During this meeting, Ms. Crawford advised the judge that she was
incapable of reaching a decision. She stated that the pressure, yelling
and screaming were too much for her and she felt pressured to make
a decision. In an effort to calm this juror, the trial judge reminded her
of the oath she had taken as a juror and explained that any sentence
imposed, if a guilty verdict was returned, was not the juror's concern
and should not cause her any worry. He requested that the jurors go
home and try to put the matter aside for the night and "give it your
best shot tomorrow. That is all I am asking that you try to do."
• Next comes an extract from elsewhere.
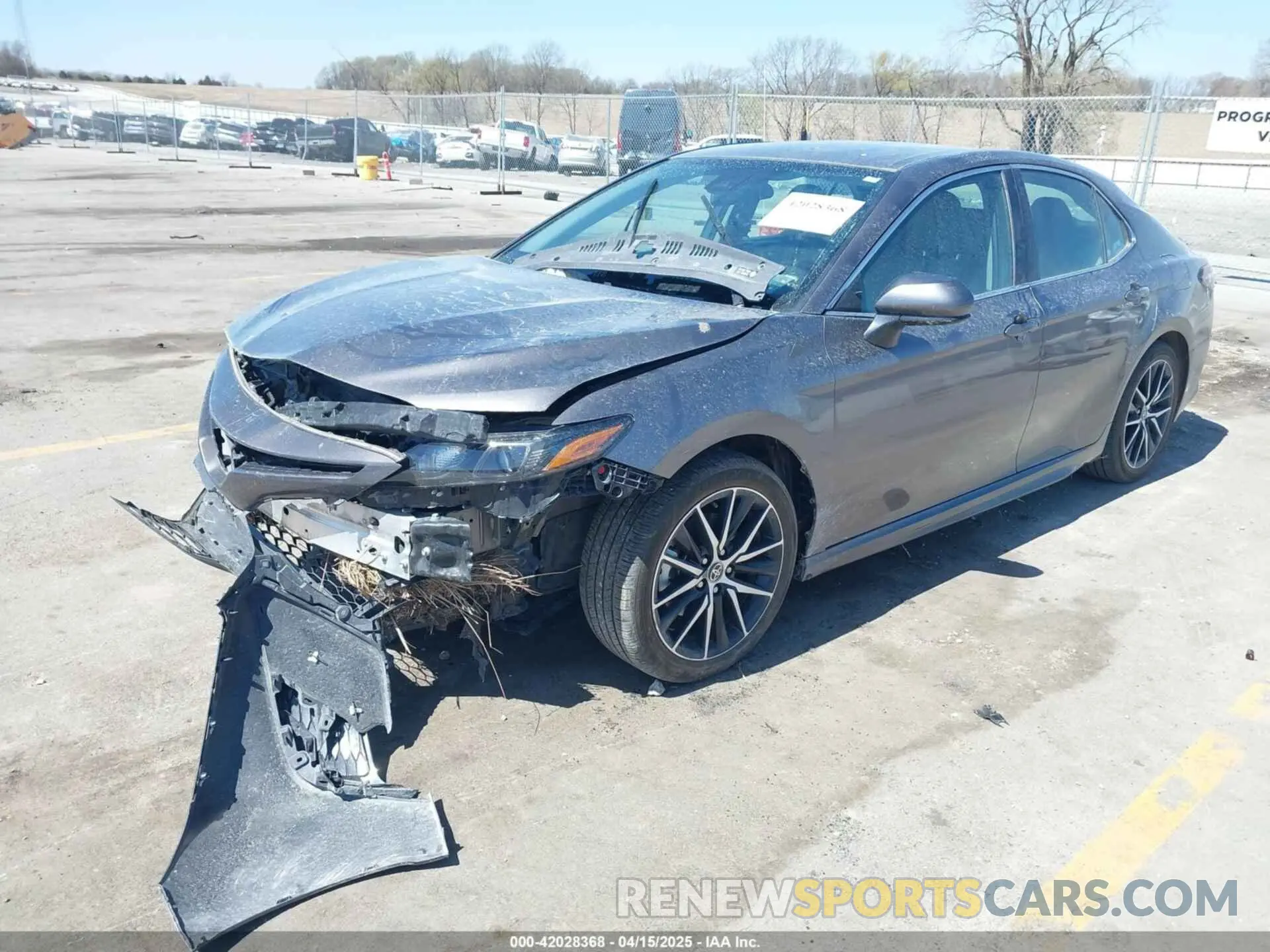 2 Фотография поврежденного автомобиля 4T1G11BK3MU033732 TOYOTA CAMRY 2021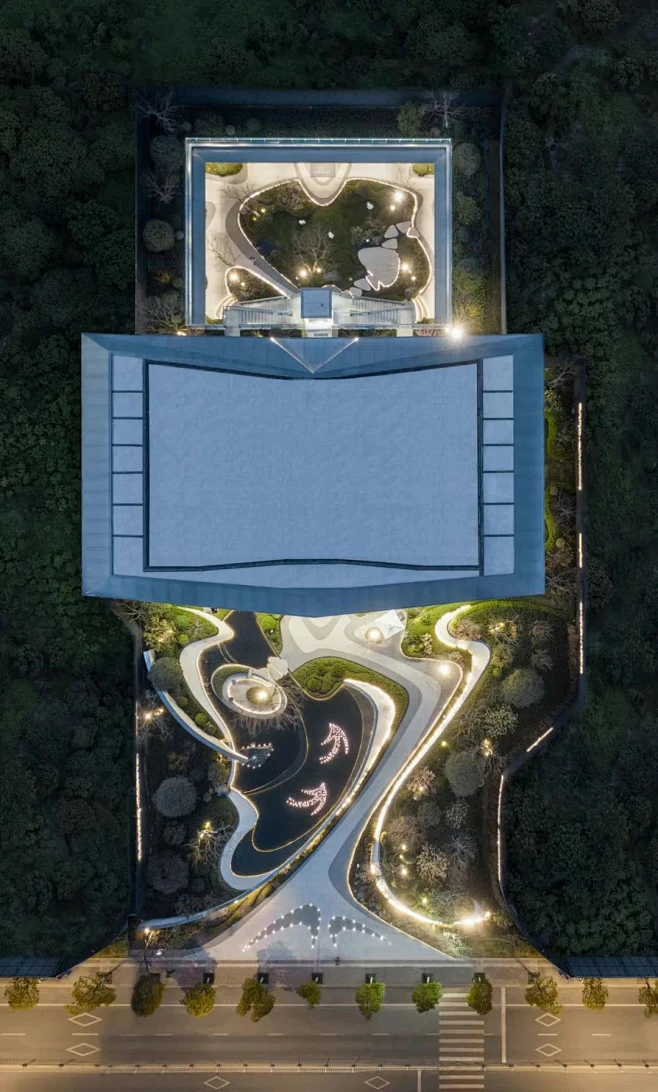 南京保利 · 燕璟和颂 入口空间强调仪式感、互动性、场所感的营造。两侧墙体向内延伸，构成一处城市峡谷，燕尾形铺地与其相互呼应，既是隐贵宅院的礼 ...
The judge sensed that juror Sparrow was also upset and asked that
she not disclose to him "how things are going in terms of numbers
and that sort of thing." Ms. Sparrow responded:

        I don't agree with everything that is being said and I feel
        like I am being scrutinized because I don't. And I can't just
        be as candid as most people. It is not a cut and dry[case],
        no matter how clear it looks to everybody else, it doesn't --
        I have doubt and I can't come in here and agree just because
        everybody else is agreeing or disagreeing, and I am not
        capable of judging anybody based on what is given here.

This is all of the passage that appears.